Economic Globalisation, the Economy Downturn and the Real Truth

The following article was first posted on 16th March 2009.

"Globalisation" has been the in thing for establishment economists and dumb politicians for years. According to them it is largely responsible for our so-called prosperity over the last 50 years. They are in a state of shock that the recession has hit in spite of the massive globalisation that has taken place. But let's cut away the rubbish and have a look at how things really are.

Economic globalisation and the economy downturn are almost like two sides of the same coin. So how is it most people are unable to see it that way? How many people can actually say they know anything at all about "globalisation"? It exists in the public mind as only a hazy idea, even a good one, for, so it is thought, it is the reason why we can buy all those mouth-watering, must-have gadgets in their colourful packaging for such low prices.

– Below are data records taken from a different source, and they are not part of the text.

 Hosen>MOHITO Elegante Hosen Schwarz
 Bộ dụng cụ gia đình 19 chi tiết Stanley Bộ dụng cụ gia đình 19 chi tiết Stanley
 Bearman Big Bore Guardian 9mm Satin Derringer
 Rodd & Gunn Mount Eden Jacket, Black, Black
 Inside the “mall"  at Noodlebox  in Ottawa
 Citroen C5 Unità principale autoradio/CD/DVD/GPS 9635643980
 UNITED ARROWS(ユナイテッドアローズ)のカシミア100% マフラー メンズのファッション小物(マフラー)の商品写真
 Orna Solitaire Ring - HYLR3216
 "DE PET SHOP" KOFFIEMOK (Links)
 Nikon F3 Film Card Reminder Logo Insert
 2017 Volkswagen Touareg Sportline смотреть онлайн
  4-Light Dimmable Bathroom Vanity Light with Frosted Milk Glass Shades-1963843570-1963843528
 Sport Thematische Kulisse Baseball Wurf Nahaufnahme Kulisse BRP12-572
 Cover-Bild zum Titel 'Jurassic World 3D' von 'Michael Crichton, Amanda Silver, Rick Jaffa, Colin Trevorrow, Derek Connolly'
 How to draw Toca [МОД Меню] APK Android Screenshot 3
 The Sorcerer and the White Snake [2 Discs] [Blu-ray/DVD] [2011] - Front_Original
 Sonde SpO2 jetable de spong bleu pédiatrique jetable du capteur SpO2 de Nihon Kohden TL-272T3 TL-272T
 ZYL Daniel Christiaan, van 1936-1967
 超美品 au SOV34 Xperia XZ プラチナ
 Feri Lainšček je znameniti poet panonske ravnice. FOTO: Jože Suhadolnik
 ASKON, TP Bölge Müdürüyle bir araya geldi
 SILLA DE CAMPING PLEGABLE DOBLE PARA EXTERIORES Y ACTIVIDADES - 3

Here in the UK, and I know in most other western counties as well, we have in our shops and showrooms cars, TVs, electronic gadgets and household goods that have been manufactured for the most part in the far east. Certainly nearly all the manufactured goods you can buy are made somewhere overseas. Why should this be?

Because these manufactured goods are cheap. They have undercut our own manufactured goods for so long that all the factories that used to make these goods have had to close down. The men and women formerly employed in these factories have either become part of the long-term unemployed, funded by the tax payer, or have had to become shelf stackers at a supermarket, or take up other, non-wealth-producing roles in order to survive.

And all because of "globalisation", which has made it possible for multi-national corporations to switch production from western countries, with their higher labour costs, to places like the far east, where the labour force works long hours and is prepared to accept wages that we in the west could never live on. Take China, for example. Their workers are happy to be paid the equivalent of $50 or so a week, often less, and the Chinese government is happy to have a healthy trade surplus and comparatively full employment.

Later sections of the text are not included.